German NLP Repository

Sahajtomar · March 2, 2021, 8:48pm

I am a MSc student in University of Siegen and have keen desire and interest in training NLP models specific to german language. It would be really great to meet people wanting to contribute models or datasets in german language. As of now I have trained and shared 3 models for german langauge such as Question answering models and NER model for legal domain in german.
Feel free to experiment and share your reviews .

More models to come

dikster99 · March 3, 2021, 5:41pm

Hi @Sahajtomar,

I am interested in German/English models that are useful for sentiment analysis and text classification in general (topic detection). I Have labeled datasets for both tasks.

Can you recommend any available model in the repository?

I am facing a blocker issue on a MultiLabel Text Classificatin task (described in a different issue item) would you happen to know how this could be implemented with the current version of Transformers (there seem to be some breaking change around version 3 which make it difficult to review a working sample )…

Thanx Dirk

Sahajtomar · March 3, 2021, 6:33pm

Hey,
Sure … there are two options
1). there are multilingual models like Universal sentence encoder or Sentence bert / roberta models which you can use to get embeddings and train simple ML model over it.
2) There are also zero shot classification models trained on XNLI datasets… which you can use directly. Kindly see this model

Also I am training a model on NLI task specifically in german language… as soon as I am done I will upload the model. Enjoy

dikster99 · March 15, 2021, 9:20am

Hi,

I am actually looking for a TensorFlow model that supports German and English. I am looking at
bert-base-multilingual-uncased-sentiment

right now but this seems to have problems when I load it as TFBertForsequenceClassification or TFAutoModelForsequenceClassification (?) - I get an exception:

cannot reshape array of size 3840 into shape (768,20)

when I execute:
tf_model = TFAutoModelForSequenceClassification.from_pretrained(mydrivePath
, label2id=label2index
, id2label=index2label
, from_pt=True)

(where label2id and id2label are just dictionaries that mab categories to id and back).

Anyways if you happen to know a good Tensorflow model that can be used for Text Classification in English and German I would appreciate the hint

Thanx Dirk

patrickvonplaten · March 17, 2021, 6:19pm

Hey, I’m Patrick, a German Research Engineer at Hugging Face. I will be joining the “Wav2Vec2 Fine-tuning week” starting on Monday next week - see: [Open-to-the-community] XLSR-Wav2Vec2 Fine-Tuning Week for Low-Resource Languages - #14 by ayameRushia .

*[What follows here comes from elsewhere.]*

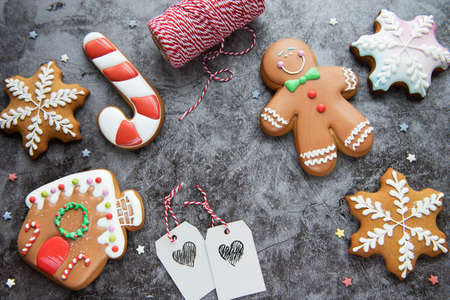 Christmas gingerbread cookies on a dark background. Homemade delicious Christmas gingerbread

If you want to participate and have any questions regarding fine-tuning a German speech recognition model, feel free to ping me here

Sahajtomar · March 17, 2021, 9:06pm

hey @patrickvonplaten , I am facing issues with colab disk space. uncompressed data is 22gb for herman language. What are other options to train on large datasets?

patrickvonplaten · March 18, 2021, 6:52am

Hey Sahajtomar,

One option would be to use a colab pro, but we are currently trying to organize more GPU & RAM compute for you guys

sasaadi · October 12, 2021, 11:17am

Hi @Sahajtomar,

Thanks for sharing your trained German models. I would like to know if it would be possible to add a license file with details to your German zero-shot model?

Thanks.

Sahajtomar · October 12, 2021, 11:30am

Hi,
Could you let me know what is license file

sasaadi · October 15, 2021, 11:54am

By license file I mean a file that describes the terms and conditions under which the published model can be used. For example, the BERT model is published under the following license: bert/LICENSE at master · google-research/bert · GitHub

Thanks.

albrecht · November 19, 2021, 7:21pm

Hey @Sahajtomar ! Great job, amazing results, thanks for sharing your work with the community! I was wondering if we could use your model and would really appreciate if you could mention the license under which the model can be used.
Thanks!

chandrantwins · November 21, 2023, 11:40am

Hi @Sahajtomar ,

Do you know any model which support both english and german language for table question answering?

My requirement is , if any body ask

How many customers are there?
Wie viele kunden sind da?

I have to check customers table, to identify how many records in database…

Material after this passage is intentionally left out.